Und letzter Punkt: Das Label lässt es zu, dass man nicht den gesamten Hof auf Bio umstellt, sondern nur bei einzelnen Gemüsesorten, was die Öko-Bilanz verschlechtert. 2021 tritt europaweit eine neue Bio-Verordnung inkraft, allerdings ohne massgebliche Verschärfungen. Zwar gelten die Normen neu auch für Import-Ware. Wie gut diese im Ausland umgesetzt und kontrolliert werden, bleibt fraglich.

Knospe als Massstab

In der Schweiz gelten bei Demeter (158/200 Punkten) und der Knospe von Bio-Suisse (161/200) die strengsten Anforderungen, etwa beim Anbau: Bei der Knospe müssen mindestens sieben Prozent des bewirtschafteten Landes als Öko-Ausgleichsfläche ausgewiesen werden.

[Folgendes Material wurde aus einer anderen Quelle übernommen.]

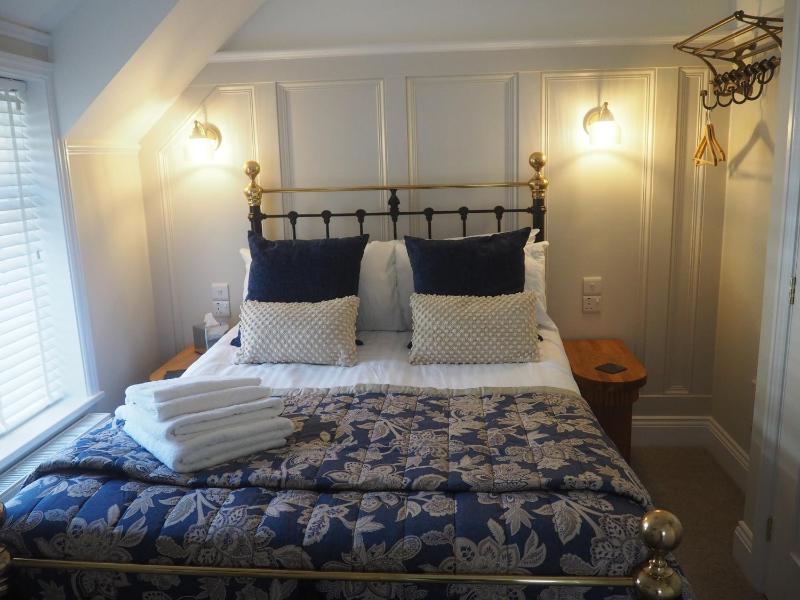 Double Room with Private Bathroom image 1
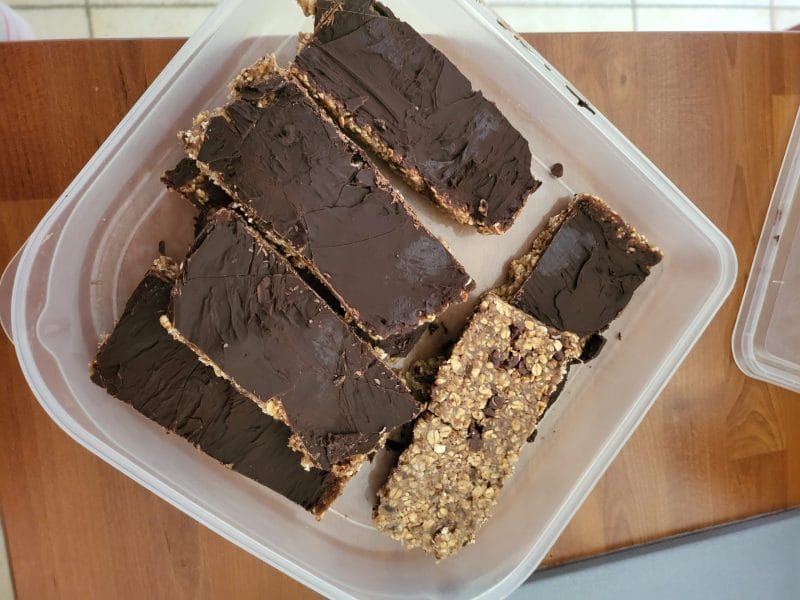 Cliquez pour zoomer ! Barres de céréales à l’avoine, noisettes, banane et chocolat Thermomix par Aurelie_7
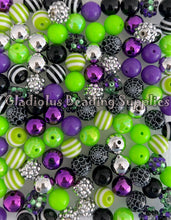 Load image into Gallery viewer, 100qty 12mm Halloween Mixed Beads - Acrylic Beads - Bubblegum Beads - Chunky Beads
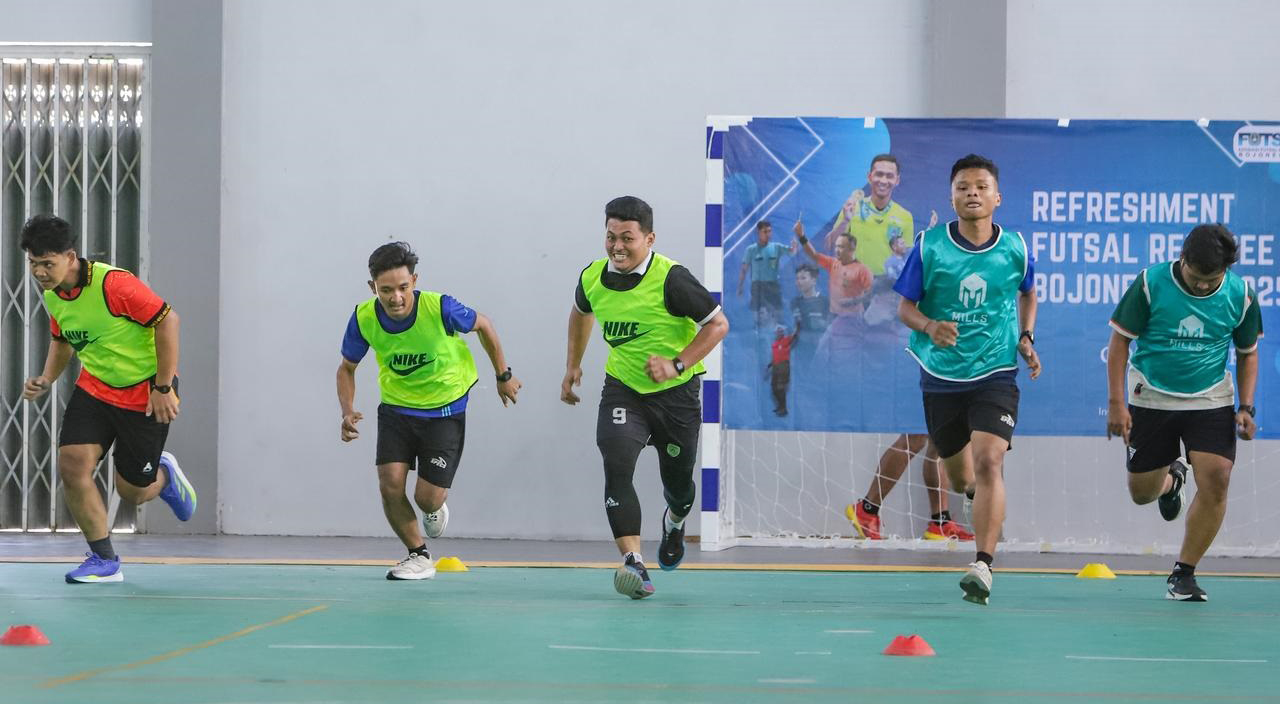 WASIT: Para wasit futsal di Bojonegoro ikut penyegaran sekaligus belajar LOTG futsal 2025/2026.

Klimaschädliche Importe von Obst und Gemüse per Flugzeug sind nicht erlaubt, ebenso wenig Ware, die auch in der Schweiz wächst. Coop Naturaplan (168/200) und Migros Bio (141/200) richten sich nach der Knospe. Bei der Migros-Pressestelle betont man zudem, dass man in den Alnatura-Shops auch Demeter, Knospe und andere Bio-Labels erhältlich sind.

Knackpunkt «Klima»

Insgesamt zogen die Autoren des Bio-Label-Vergleichs ein positives Fazit: Die Hälfte stuften sie als «ausgezeichnet» oder «sehr empfehlenswert» ein. Beim Faktor «Klima und Energie» schnitten die meisten Labels aber eher schlecht ab. Kriterien zum Klimaschutz und zur Energieeffizienz fehlten oder waren zu allgemein formuliert.

Kürzere Transportwege, Verzicht auf synthetischen Dünger, energieeffizientere Gewächshäuser oder Solarstrom wären Ansätze, um die Bilanz zu verbessern. Doch die Labels scheinen, wenn überhaupt, seither nur leicht nachgebessert zu haben (siehe Vergleich unten). Wie gut tatsächlich, zeigt sich nächstes Jahr. Dann soll auf labelinfo.ch ein aktueller Vergleich aufschaltet werden.

Welche Bio-Labels schneiden im grossen Bio-Vergleich wie gut ab?

Quelle: labelinfo.ch (2015)

Erstellt: 29.03.2019, 17:57 Uhr

Labels im Vergleich

2015 verglichen die Organisationen Pusch, WWF, Heks und der Konsumentenschutz 31 schweizweit verbreitete Bio- und nachhaltige Lebensmittelabels.

Dies anhand der Kategorien «Ökologie und Soziales» (100) und «Prozesse und Kontrolle» (60) und «Management» (40 Punkte), mit jeweiligen Teilkriterien wie «Biodiversität», «Tierwohl» oder «Transparenz». Infos unter www.labelinfo.ch.